LA VIE PRIVEE DU SALARIE
Les faits sont là : l'activité sur l'ordinateur laisse des traces. Et l'employeur risque de se laisser entraîner par des pratiques abusives. Consciente de son rôle de gardien des libertés individuelles, la Cnil (Commission nationale Informatique et Libertés) publie un rapport sur le thème de la cybersurveillance.
La jurisprudence apporte quelques éclairages complémentaires, à exploiter néanmoins avec modération : assez récente, elle n'est pas encore stable. Elle certifie toutefois que l'employeur doit avoir prévenu ses employés de la mise en place d'outils informatiques de surveillance s'il veut utiliser des informations numériques à caractère privé dans un conflit avec l'un de ses employés. Cette surveillance ne saurait s'exercer pour le plaisir : « Les moyens de surveillance mis en oeuvre doivent être proportionnels à l'activité du salarié et à ses responsabilités dans l'entreprise », rappelle l'avocat Bertrand Nouel. De plus, le courrier électronique est considéré en France comme une correspondance privée. Il ne peut donc être ouvert impunément.
L'employeur peut surveiller l'usage des outils informatiques à condition d'avoir prévenu les salariés et les délégués du personnel (article L. 432-2-1 du Code du travail et article 121-8).
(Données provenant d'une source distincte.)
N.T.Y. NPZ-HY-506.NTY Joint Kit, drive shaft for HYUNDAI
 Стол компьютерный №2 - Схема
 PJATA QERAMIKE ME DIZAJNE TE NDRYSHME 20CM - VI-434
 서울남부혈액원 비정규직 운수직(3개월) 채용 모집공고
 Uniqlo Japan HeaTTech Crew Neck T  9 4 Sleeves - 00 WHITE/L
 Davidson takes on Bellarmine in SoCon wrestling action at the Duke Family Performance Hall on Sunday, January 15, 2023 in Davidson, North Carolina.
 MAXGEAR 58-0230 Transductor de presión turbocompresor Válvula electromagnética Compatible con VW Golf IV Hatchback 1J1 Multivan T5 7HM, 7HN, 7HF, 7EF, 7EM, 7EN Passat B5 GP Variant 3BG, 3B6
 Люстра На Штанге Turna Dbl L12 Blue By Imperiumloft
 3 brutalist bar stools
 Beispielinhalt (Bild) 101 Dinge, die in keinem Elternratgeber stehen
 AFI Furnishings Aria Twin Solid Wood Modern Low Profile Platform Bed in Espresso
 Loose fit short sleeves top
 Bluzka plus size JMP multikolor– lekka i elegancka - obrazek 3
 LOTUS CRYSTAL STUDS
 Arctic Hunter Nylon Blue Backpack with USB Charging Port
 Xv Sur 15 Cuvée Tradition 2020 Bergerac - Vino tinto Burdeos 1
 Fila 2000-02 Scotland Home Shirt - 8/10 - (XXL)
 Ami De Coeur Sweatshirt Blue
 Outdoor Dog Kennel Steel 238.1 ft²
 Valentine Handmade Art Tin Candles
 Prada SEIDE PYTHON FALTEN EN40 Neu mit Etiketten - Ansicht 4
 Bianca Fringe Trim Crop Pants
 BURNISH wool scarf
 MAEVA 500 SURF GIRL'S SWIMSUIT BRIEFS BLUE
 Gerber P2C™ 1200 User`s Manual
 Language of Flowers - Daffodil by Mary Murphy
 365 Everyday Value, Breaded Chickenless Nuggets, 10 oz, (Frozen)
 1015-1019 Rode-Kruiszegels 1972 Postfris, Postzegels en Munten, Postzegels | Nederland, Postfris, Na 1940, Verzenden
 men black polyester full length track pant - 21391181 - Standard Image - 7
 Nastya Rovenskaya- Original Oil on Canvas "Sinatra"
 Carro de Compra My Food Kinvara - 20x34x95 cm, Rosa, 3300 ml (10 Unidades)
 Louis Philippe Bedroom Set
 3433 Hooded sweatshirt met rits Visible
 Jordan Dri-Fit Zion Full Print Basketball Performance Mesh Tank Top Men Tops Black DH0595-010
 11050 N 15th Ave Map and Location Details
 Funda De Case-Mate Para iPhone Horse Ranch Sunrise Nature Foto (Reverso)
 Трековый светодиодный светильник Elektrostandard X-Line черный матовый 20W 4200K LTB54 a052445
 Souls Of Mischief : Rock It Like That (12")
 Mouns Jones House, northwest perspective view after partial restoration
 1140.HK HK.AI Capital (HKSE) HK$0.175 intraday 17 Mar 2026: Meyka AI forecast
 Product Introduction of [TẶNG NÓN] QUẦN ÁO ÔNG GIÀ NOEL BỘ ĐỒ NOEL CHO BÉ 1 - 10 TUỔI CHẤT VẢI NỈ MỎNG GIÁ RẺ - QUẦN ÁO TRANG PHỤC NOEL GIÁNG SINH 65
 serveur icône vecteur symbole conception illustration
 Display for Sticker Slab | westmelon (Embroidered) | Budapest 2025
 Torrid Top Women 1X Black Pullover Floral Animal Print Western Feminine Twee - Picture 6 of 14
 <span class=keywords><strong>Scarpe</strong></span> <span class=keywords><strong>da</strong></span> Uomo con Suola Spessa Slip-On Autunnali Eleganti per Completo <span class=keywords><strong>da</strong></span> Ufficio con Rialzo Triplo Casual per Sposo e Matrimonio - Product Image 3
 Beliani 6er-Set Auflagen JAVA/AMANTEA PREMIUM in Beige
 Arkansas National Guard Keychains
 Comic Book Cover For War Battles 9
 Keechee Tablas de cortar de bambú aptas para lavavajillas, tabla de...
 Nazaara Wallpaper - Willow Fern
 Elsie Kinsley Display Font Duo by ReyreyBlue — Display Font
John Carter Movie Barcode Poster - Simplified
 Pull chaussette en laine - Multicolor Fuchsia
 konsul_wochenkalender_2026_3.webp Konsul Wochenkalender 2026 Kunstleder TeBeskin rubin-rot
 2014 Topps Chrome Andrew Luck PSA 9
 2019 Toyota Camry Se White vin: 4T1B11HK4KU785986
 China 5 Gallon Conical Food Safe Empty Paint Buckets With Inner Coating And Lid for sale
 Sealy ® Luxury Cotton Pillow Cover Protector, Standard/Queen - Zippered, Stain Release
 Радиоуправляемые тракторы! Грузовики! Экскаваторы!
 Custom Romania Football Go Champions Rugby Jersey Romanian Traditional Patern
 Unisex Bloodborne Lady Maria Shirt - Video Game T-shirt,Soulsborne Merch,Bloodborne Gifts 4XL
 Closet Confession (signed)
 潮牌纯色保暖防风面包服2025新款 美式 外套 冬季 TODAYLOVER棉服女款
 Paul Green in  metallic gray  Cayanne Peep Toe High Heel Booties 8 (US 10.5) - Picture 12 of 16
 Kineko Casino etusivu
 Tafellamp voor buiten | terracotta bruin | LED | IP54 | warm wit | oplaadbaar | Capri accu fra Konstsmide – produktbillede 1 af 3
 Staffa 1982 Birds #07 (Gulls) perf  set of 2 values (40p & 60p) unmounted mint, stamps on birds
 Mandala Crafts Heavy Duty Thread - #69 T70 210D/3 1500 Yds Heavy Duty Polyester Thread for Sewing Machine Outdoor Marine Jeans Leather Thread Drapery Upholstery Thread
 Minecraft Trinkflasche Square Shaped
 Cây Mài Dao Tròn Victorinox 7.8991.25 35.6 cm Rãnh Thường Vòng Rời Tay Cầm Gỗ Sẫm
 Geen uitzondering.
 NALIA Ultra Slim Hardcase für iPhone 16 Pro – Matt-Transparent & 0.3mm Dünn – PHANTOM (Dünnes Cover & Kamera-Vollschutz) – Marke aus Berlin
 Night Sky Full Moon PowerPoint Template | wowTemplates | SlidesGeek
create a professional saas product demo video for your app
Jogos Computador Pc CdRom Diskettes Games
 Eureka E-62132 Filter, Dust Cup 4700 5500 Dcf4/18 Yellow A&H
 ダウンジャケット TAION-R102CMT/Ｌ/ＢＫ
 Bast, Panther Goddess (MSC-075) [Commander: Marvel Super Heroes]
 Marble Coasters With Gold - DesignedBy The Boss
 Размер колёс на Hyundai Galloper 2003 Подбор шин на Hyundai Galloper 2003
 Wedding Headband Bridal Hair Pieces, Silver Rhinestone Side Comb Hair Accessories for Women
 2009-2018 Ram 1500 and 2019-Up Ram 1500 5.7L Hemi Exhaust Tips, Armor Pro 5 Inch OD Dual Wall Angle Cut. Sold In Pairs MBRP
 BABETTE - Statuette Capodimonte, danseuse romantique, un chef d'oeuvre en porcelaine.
C'est un peu une redite de l'arrêt Nikon d'octobre 2001. Début août 1999, un dessinateur de la société Nycomed Amersham Medical System (aujourd'hui CathNet-Science), spécialisée dans le matériel et les accessoires médicaux, était licencié pour faute grave. Motif : l'employeur avait trouvé sur son ordinateur un dossier personnel contenant des documents sans aucun rapport avec son travail. Une fouille motivée par la découverte de photos érotiques dans le tiroir du bureau de ce même employé, absent à ce moment-là.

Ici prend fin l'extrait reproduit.